As these things went through my mind, the Spirit spoke to me. “The earth is changing to symbolize future changes.”

As I pondered this, I wondered in my heart, “What kinds of changes could they be symbolizing?”

The Spirit whispered, “Dramatic events are about to come to pass in the earth among the children of men.”

This would not be the first time that I receive a prompting from the Holy Ghost that the world is heading for something, or some things, that are bad. The peace and calm that remotely exists now is the calm before the big storm comes. And you can feel it in the wind, if you try to feel it hard enough. And I had felt this in the wind many times before.

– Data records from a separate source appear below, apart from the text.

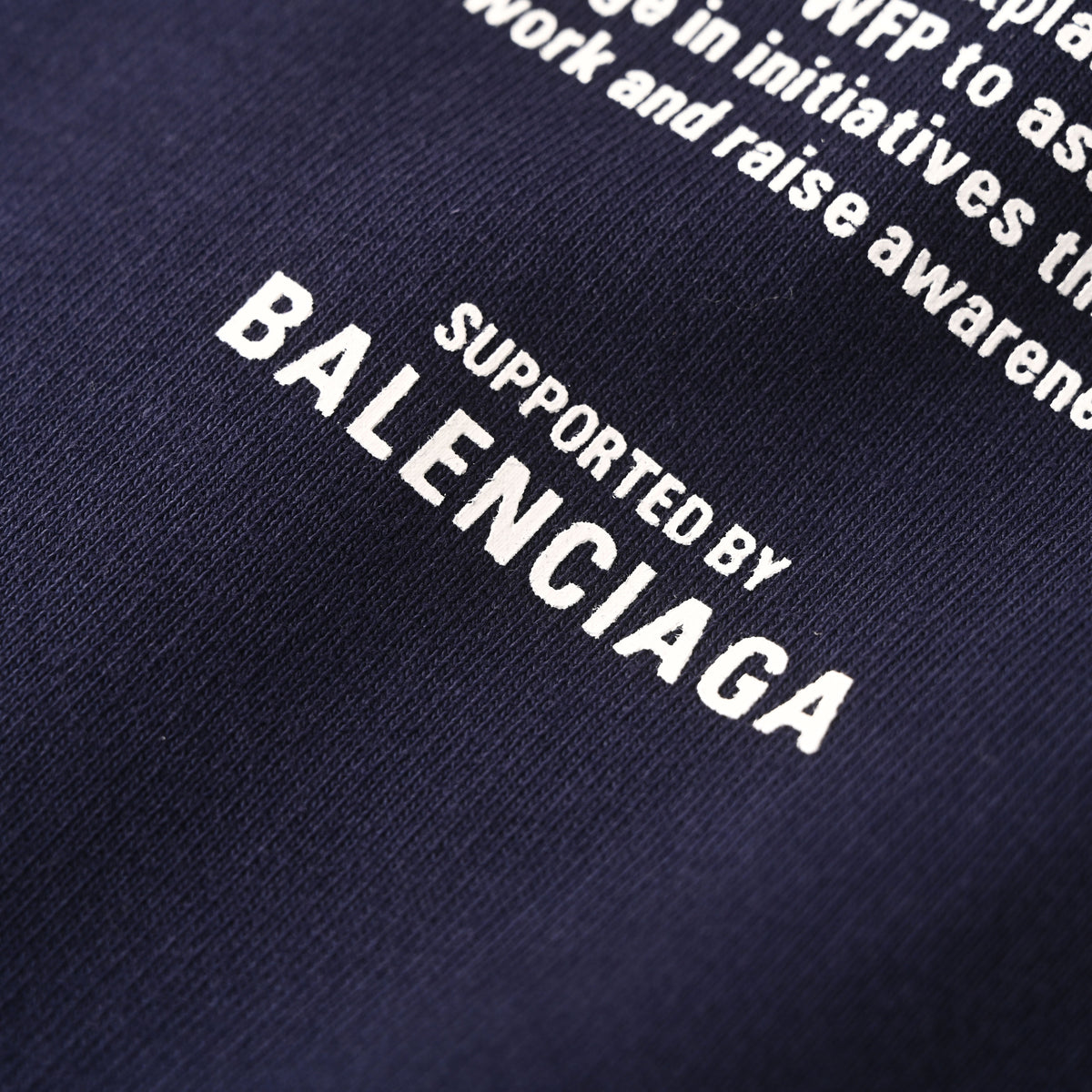 Balenciaga BLCG WFP Graphic Zip-Up Cotton Hoodie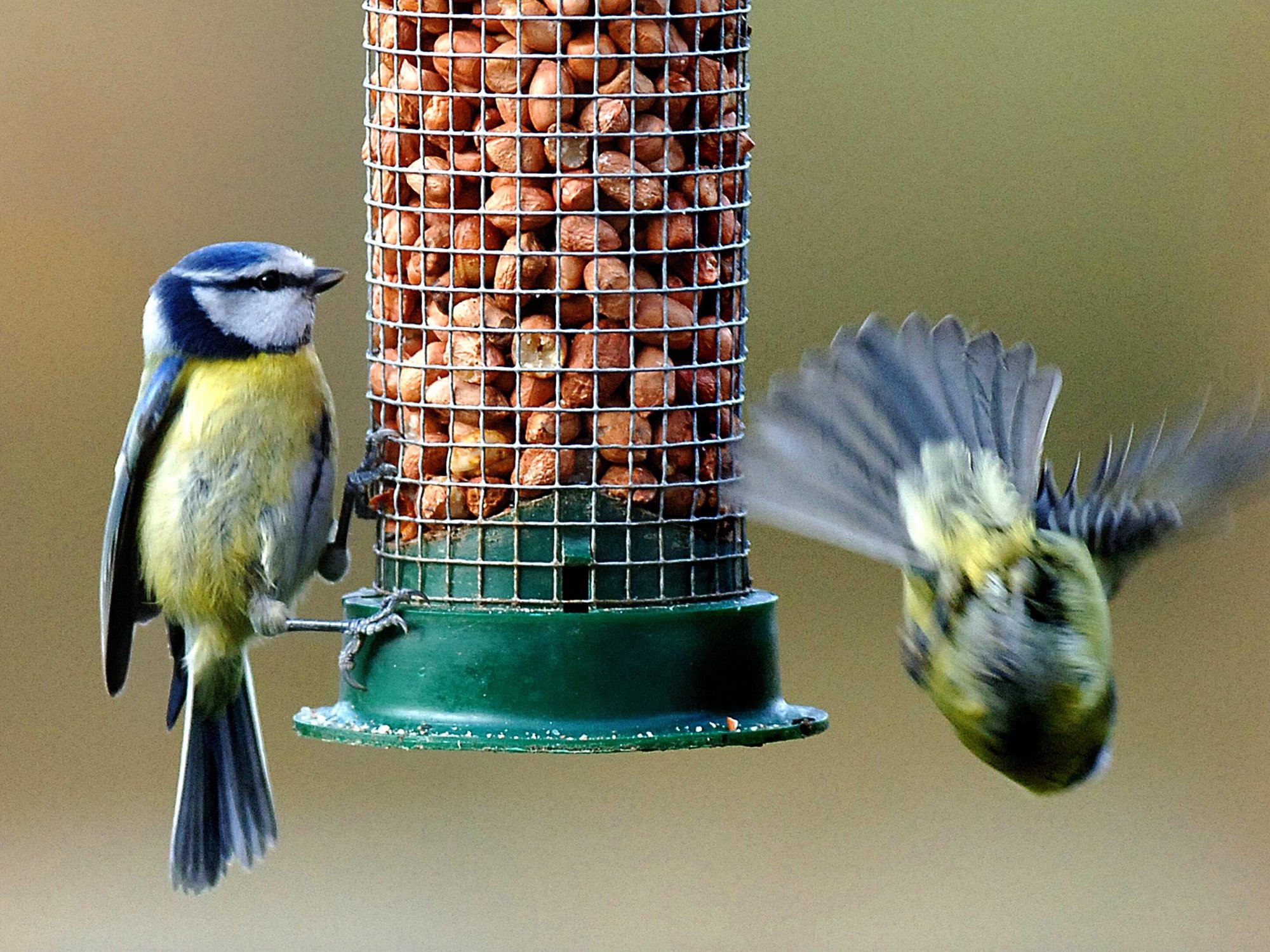 Bird feed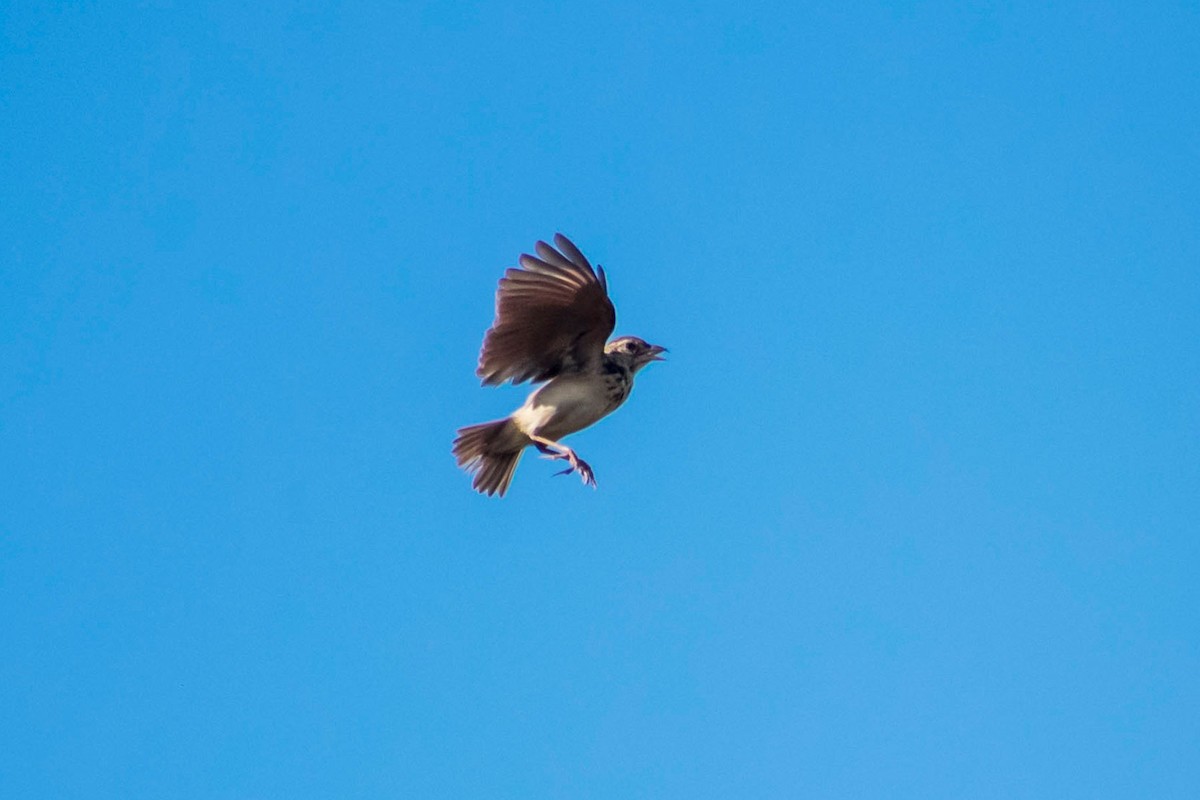 Jerdon's Bushlark - Prem swaroop Kolluru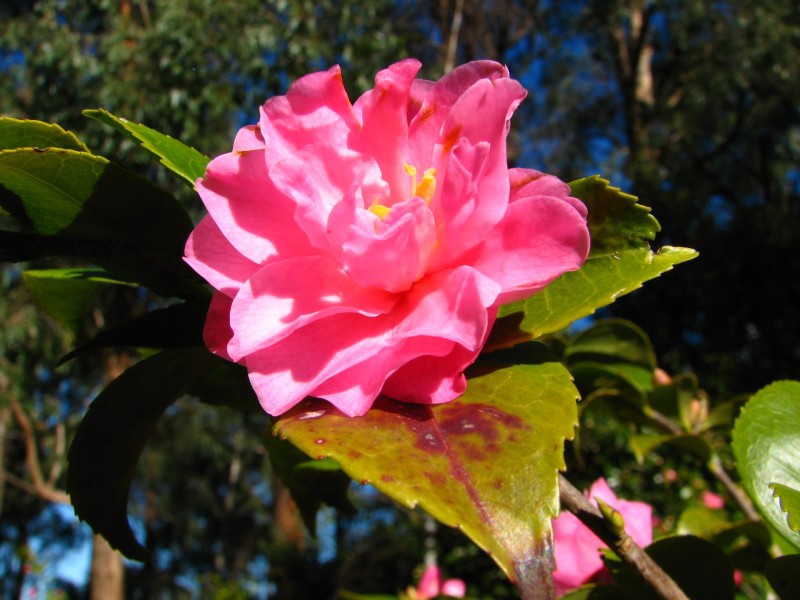 South Australia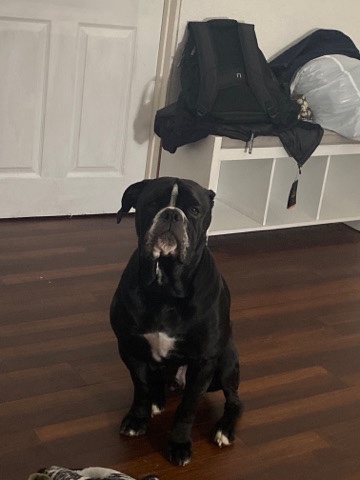 American Bulldog – American bulldog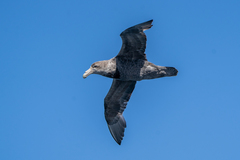 Macronectes giganteus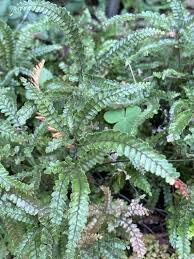 Image result for Adiantum hispidulum
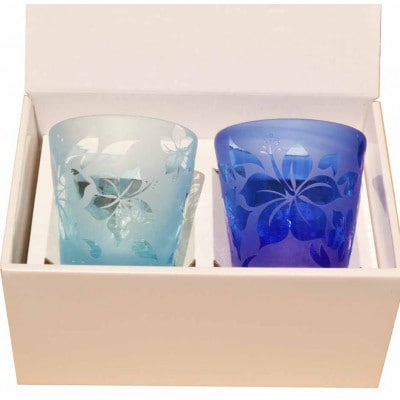 琉球ガラハイビフルデザイン2P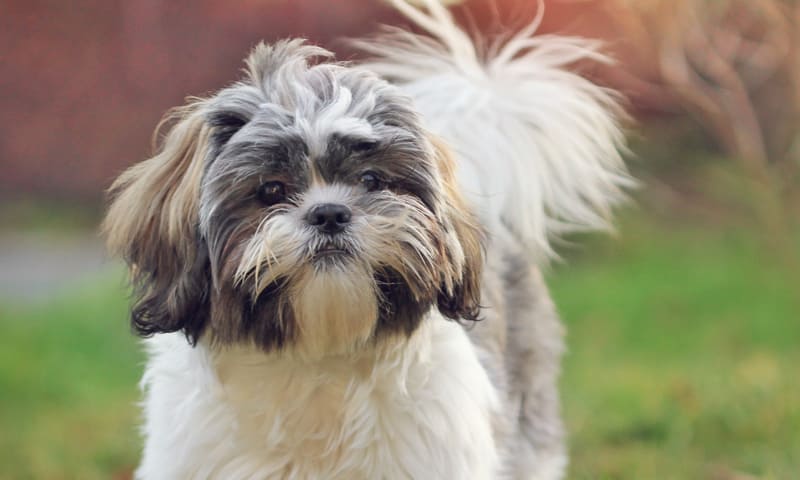 Quelle assurance choisir pour un shih tzu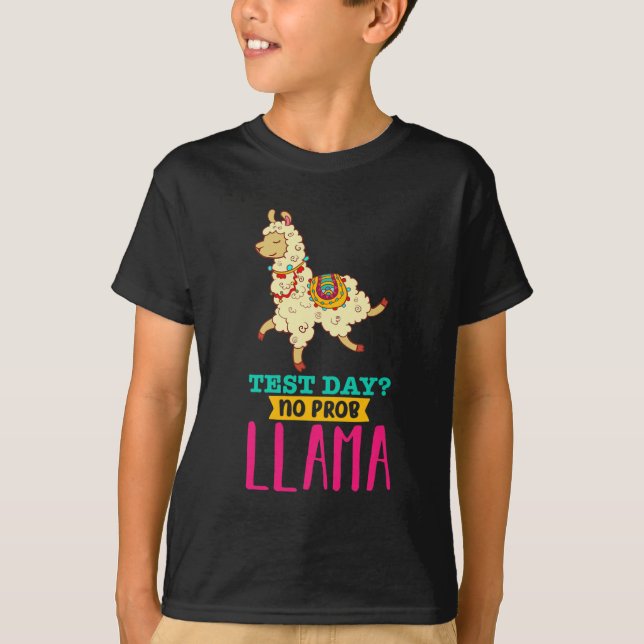 Dia sem problema Camisa Llama Oferta de oferta (Frente)
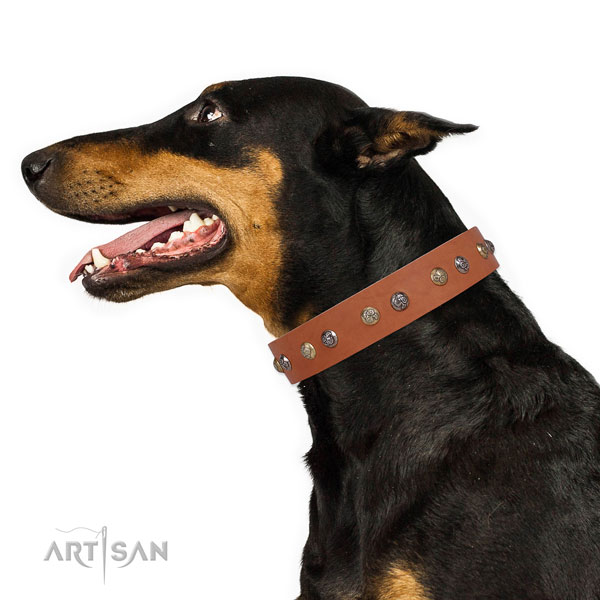 Full grain leather dog collar with corrosion resistant buckle and D-ring for walking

I’ll give one example. One day in the middle of my chemistry class, after we graded homework, I was putting my papers in my backpack when I was suddenly struck with something. This feeling of…threat…or danger. I can’t fully describe the feeling. It was just this sure knowledge that something was happening, or had just happened, or was about to happen, that was…perhaps not life-threatening, but life-altering. Not something necessarily big, but something worth worrying about. And this feeling seemed to give a shadow. The shadow loomed and grew over my heart.

The most interesting part about this revelation is that I wasn’t the only one. I don’t know why, but for some odd reason I felt like turning around and asking my friend Amaya if she felt something weird. Out of sheer randomness. Amaya actually confirmed that she did feel something, and she even used the exact same phrases that I used above to describe it.

After chemistry, I had lunch. I started asking some random friends if they had felt something during third period. Almost as if they knew I would ask, each friend I asked confirmed that they did. And, they used the exact same phrases as well to describe the feeling. The amount of friends totaled to around eight to ten people.

Over the next while, if I thought of it and the mood was right, I asked other friends about the feeling. And everyone I asked said, using the same phrases for description, that they did. The people varied from a Star Wars geek to a girl I had a crush on in elementary school to a skater punk to my class “Mr. Everything” (student body president, church youth leader, etc.) to one of the biggest flirts I’ve ever met…and the weird part is that they used the same phrases (“not life-threatening, but life-altering; not something necessarily big, but something worth worrying about”). And, they all had it at the same time—sometime before noon, on such and such a day in the middle of October 2004.

When this memory came to me in my heart, the Spirit prompted me that I should start preparing myself and others for whatever was coming. And that I should begin this summer. This year had been hectic for me, and I should use this time to prepare, change and grow.

I’m still not sure exactly what all these revelations mean. But I intend to follow the promptings, because I know that they aren’t something my mind concocted. They are of God. And there is something of a warning tone in the voice of the Spirit each time.

The tone seems to be saying that the days are numbered.